Hi Thats us we have booked the Euro Tunnel with the Tesco vouchers found out you cant use them to book the dog thats got to be paid credit or debit card has anyone got any info on best place to stop when we get off the euro tunnel this will be our first time in France and any info would be most appreciated 


Thanks 
Christine & Dougie


----------



## Zebedee (Oct 3, 2007)

Hi C and D

Suggest you have a search in France Touring (this forum). There are loads of suggestions for a variety of overnight stops near Sangatte, but it's difficult to recommend any one without knowing your preferences . . . some folk would never stay on an Aire for example!

Have a great holiday, and maybe a quick browse of the topics in here would be helpful since it's your first trip.

http://www.motorhomefacts.com/forum-185.html

Dave


----------



## rayc (Jun 3, 2008)

ChrisDouge said:


> Hi Thats us we have booked the Euro Tunnel with the Tesco vouchers found out you cant use them to book the dog thats got to be paid credit or debit card has anyone got any info on best place to stop when we get off the euro tunnel this will be our first time in France and any info would be most appreciated
> 
> Thanks
> Christine & Dougie


Do you want to stay in the area for a few days or longer or is it a night halt before going elsewhere that you want. What time will your train arrive in France?


----------



## chrisdougie (Apr 1, 2009)

rayc said:


> ChrisDouge said:
> 
> 
> > Hi Thats us we have booked the Euro Tunnel with the Tesco vouchers found out you cant use them to book the dog thats got to be paid credit or debit card has anyone got any info on best place to stop when we get off the euro tunnel this will be our first time in France and any info would be most appreciated
> ...


We get the 10.20 train out and would like to spend at least one night here and then move on we havent got a plan as yet still working on it we are looking at a lot on the forum to try and get some ideas of safe places we like wild camping but not sure about doing it in France we will use the aires once we get our plan in place

C&D


----------



## geraldandannie (Jun 4, 2006)

Hi Christine and Dougie

It's such a shame you have to pay the £30 separately, isn't it? :evil: I wish French vets took Tesco vouchers too.

For many people, our favourite is the 'wrong way', but we always stop at Gravelines. It's safe and quiet. There's a vet in town too, who saw us 'on spec' on our last trip.

The town of Gravelines is more than just a stopover. There's an interesting castle and museum, there's plenty of bars / restaurants, and there's a nice, safe walk along the river and up to the sea at Grand Fort Phillipe (where there's more bars and restaurants).
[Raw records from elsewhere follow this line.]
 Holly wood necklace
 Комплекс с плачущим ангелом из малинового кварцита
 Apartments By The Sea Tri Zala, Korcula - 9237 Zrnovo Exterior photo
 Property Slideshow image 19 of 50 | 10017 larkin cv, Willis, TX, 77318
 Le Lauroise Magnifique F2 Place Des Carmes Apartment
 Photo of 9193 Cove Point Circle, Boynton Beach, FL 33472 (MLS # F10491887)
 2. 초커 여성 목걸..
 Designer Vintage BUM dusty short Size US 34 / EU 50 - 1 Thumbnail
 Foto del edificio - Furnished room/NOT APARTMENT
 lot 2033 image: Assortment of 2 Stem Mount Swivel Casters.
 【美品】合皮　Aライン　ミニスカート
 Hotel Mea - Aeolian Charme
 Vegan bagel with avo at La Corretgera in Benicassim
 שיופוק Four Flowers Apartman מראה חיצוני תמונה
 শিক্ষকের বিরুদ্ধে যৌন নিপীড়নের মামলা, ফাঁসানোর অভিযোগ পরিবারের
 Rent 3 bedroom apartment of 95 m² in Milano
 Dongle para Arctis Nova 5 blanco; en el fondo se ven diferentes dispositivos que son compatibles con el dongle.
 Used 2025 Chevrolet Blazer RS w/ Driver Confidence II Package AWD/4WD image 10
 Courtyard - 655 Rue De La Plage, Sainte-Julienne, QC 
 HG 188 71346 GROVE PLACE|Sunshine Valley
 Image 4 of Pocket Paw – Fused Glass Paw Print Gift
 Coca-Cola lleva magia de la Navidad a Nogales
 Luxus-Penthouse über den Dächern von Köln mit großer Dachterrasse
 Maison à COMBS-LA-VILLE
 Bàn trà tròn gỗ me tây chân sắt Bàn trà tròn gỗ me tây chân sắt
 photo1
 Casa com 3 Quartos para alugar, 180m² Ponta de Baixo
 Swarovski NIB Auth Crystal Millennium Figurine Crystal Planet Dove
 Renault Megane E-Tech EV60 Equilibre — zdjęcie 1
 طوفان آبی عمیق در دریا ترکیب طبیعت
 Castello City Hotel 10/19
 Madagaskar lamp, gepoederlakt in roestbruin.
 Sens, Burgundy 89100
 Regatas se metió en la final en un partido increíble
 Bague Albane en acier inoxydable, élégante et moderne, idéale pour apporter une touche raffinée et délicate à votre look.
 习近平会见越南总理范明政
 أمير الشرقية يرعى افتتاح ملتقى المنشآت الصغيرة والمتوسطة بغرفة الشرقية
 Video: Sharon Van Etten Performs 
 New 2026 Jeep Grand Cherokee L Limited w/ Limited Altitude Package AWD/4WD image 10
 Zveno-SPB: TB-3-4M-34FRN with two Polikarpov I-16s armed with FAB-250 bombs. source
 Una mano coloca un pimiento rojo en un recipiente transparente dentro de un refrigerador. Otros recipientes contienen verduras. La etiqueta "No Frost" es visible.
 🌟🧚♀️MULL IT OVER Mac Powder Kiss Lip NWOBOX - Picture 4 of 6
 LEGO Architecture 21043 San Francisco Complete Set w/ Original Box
There's a big supermarket about 5 minutes' drive away.

Gerald


----------



## DTPCHEMICALS (Jul 24, 2006)

Gravelines is a favourite of ours too.
It will be Cite de europe though on tuesday night.

I keep looking at the weather . Looks a bit grim until thursday in sw France but better than our original Switzerland destination.

Dave p


----------



## peedee (May 10, 2005)

ChrisDouge said:


> We get the 10.20 train out and would like to spend at least one night here and then move on we havent got a plan as yet still working on it we are looking at a lot on the forum to try and get some ideas of safe places we like wild camping but not sure about doing it in France we will use the aires once we get our plan in place
> 
> C&D


If that is 10-20pm you could find the Gravelines Aire full.

peedee


----------



## bellabee (May 16, 2010)

We're booked on the Tunnel to arrive at around midnight, in a couple of weeks time. Depends on the weather forecast as to whether we decide to head for Germany or France - hopefully Germany. We're planning on parking at Cite Europe for the night. Don't want to risk looking for an aire at that time of night.


----------



## joedenise (Jul 20, 2007)

Cite Europe is very close to getting off the train, no more than about 5 minute drive. Always feel safe there.

Joe


----------



## Techno100 (May 8, 2010)

Yup I'll be there Satdy night


----------



## rayc (Jun 3, 2008)

Techno100 said:


> Yup I'll be there Satdy night


Anybody going to be there this Wednesday. Our train arrives half past midnight and we will stay there or drive to the Baie de Somme services depending how I feel.


----------